Look below for the line containing "图片[2]-（5331期）新" and the line containing "многофункциональный лёгкий истребитель"; repeat exactly those two lines and all lines between them, and nothing else.

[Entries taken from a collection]
· · ·

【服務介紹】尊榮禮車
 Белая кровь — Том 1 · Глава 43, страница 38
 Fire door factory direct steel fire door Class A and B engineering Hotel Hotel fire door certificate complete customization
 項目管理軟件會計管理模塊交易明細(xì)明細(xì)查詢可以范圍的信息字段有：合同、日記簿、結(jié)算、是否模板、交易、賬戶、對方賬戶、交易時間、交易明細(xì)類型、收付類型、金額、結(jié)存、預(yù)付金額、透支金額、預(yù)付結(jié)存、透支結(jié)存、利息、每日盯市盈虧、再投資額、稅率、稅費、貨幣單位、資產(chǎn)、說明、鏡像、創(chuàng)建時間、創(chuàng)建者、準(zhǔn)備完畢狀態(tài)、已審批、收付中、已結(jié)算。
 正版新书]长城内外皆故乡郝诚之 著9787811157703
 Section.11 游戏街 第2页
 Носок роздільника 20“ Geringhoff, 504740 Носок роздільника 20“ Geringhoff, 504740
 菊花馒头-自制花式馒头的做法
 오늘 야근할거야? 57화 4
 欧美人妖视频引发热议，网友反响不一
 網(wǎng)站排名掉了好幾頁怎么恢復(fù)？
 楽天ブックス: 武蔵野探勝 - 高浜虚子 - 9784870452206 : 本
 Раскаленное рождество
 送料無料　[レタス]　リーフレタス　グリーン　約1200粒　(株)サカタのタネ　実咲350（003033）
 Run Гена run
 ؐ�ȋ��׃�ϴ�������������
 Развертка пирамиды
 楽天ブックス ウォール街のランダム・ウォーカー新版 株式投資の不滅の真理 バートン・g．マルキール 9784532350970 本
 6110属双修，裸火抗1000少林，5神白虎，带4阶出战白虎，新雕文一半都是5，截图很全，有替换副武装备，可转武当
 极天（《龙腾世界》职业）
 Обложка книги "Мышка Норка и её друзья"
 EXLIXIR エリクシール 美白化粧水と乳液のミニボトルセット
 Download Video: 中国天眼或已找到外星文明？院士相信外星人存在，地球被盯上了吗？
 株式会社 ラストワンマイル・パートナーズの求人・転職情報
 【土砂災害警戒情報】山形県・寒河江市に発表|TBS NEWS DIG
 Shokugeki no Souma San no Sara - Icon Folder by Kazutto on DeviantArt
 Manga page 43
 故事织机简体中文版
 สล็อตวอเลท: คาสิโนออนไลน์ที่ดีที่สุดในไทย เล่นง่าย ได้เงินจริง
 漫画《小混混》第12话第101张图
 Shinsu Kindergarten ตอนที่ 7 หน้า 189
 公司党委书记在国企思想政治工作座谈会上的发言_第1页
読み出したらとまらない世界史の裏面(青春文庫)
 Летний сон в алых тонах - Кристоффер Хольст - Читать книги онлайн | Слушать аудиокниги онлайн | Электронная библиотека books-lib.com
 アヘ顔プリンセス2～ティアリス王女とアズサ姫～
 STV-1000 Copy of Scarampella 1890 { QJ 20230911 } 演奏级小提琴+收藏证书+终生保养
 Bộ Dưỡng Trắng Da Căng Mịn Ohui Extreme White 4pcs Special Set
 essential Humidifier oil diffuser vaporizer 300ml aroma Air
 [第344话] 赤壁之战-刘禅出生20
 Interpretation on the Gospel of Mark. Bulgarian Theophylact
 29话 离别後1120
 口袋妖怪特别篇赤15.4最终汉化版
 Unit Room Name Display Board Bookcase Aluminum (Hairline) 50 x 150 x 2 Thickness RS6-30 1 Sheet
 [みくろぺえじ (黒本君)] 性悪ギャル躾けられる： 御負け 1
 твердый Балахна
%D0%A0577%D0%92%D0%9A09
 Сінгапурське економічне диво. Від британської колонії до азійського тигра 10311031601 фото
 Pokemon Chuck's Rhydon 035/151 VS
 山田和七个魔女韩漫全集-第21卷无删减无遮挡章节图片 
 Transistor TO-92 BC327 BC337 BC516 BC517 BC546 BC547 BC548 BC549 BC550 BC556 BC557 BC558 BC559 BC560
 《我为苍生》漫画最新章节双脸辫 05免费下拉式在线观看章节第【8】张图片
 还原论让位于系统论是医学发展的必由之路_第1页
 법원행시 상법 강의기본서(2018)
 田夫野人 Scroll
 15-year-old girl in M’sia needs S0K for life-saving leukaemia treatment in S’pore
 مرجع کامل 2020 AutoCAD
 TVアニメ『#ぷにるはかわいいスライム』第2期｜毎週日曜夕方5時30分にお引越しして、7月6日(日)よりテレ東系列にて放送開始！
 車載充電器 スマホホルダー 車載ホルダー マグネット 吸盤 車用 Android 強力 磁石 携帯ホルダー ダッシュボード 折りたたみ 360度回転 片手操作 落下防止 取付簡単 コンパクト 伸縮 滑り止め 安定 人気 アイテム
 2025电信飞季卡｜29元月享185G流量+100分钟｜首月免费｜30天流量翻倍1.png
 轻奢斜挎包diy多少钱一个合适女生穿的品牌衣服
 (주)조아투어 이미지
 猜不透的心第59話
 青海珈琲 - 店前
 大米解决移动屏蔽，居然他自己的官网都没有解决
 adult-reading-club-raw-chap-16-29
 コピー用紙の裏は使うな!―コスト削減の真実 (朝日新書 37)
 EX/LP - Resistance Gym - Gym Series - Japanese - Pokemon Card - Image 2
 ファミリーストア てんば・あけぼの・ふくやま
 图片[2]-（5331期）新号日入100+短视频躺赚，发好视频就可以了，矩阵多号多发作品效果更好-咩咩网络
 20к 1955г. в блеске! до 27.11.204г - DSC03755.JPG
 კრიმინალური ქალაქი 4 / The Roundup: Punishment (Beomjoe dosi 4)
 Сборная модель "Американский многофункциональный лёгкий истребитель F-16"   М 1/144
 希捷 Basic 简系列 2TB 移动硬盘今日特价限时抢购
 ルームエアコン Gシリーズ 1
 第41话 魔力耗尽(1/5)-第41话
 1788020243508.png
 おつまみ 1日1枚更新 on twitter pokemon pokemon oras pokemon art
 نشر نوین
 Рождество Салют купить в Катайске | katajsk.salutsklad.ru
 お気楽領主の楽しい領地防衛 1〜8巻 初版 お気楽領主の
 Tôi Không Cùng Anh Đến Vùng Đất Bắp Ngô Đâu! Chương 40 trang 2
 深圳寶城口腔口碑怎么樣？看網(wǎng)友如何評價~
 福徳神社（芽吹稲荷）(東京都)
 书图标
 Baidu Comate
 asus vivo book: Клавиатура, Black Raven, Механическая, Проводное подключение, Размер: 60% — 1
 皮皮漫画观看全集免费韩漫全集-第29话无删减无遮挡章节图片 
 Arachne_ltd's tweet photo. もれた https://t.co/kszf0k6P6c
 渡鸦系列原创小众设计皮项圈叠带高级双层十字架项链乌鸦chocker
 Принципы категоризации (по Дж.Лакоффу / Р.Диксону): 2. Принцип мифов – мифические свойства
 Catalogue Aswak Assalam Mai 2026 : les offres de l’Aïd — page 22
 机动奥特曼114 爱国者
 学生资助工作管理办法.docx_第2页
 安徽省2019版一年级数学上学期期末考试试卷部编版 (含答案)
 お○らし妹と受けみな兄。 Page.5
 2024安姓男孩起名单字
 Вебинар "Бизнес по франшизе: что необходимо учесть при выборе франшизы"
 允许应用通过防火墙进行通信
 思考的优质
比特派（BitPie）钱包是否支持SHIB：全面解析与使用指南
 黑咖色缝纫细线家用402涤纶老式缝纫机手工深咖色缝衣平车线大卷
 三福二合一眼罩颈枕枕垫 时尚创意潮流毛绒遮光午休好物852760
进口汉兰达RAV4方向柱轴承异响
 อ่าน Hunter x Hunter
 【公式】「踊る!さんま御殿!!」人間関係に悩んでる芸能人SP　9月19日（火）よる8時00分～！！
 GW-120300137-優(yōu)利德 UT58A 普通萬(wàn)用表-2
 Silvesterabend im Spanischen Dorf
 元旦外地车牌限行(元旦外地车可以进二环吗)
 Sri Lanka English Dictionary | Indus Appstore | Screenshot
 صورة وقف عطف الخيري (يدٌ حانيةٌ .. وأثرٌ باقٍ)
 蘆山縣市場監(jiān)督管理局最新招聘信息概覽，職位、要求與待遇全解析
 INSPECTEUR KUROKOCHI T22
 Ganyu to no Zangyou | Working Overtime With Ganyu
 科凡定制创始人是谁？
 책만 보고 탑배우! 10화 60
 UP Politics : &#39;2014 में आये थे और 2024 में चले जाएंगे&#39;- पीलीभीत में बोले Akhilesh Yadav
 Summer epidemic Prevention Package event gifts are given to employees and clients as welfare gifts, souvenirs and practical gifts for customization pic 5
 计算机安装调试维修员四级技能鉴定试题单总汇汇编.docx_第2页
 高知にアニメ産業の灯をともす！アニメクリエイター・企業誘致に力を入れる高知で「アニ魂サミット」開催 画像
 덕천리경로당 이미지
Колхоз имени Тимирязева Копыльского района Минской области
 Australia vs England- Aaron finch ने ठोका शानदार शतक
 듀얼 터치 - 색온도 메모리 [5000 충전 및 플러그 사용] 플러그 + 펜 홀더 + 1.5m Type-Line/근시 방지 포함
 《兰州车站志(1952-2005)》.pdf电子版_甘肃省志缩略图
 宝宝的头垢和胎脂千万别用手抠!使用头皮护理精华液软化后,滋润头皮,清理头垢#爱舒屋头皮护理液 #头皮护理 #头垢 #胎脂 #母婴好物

· · ·

**Exercise output:**
 图片[2]-（5331期）新号日入100+短视频躺赚，发好视频就可以了，矩阵多号多发作品效果更好-咩咩网络
 20к 1955г. в блеске! до 27.11.204г - DSC03755.JPG
 კრიმინალური ქალაქი 4 / The Roundup: Punishment (Beomjoe dosi 4)
 Сборная модель "Американский многофункциональный лёгкий истребитель F-16"   М 1/144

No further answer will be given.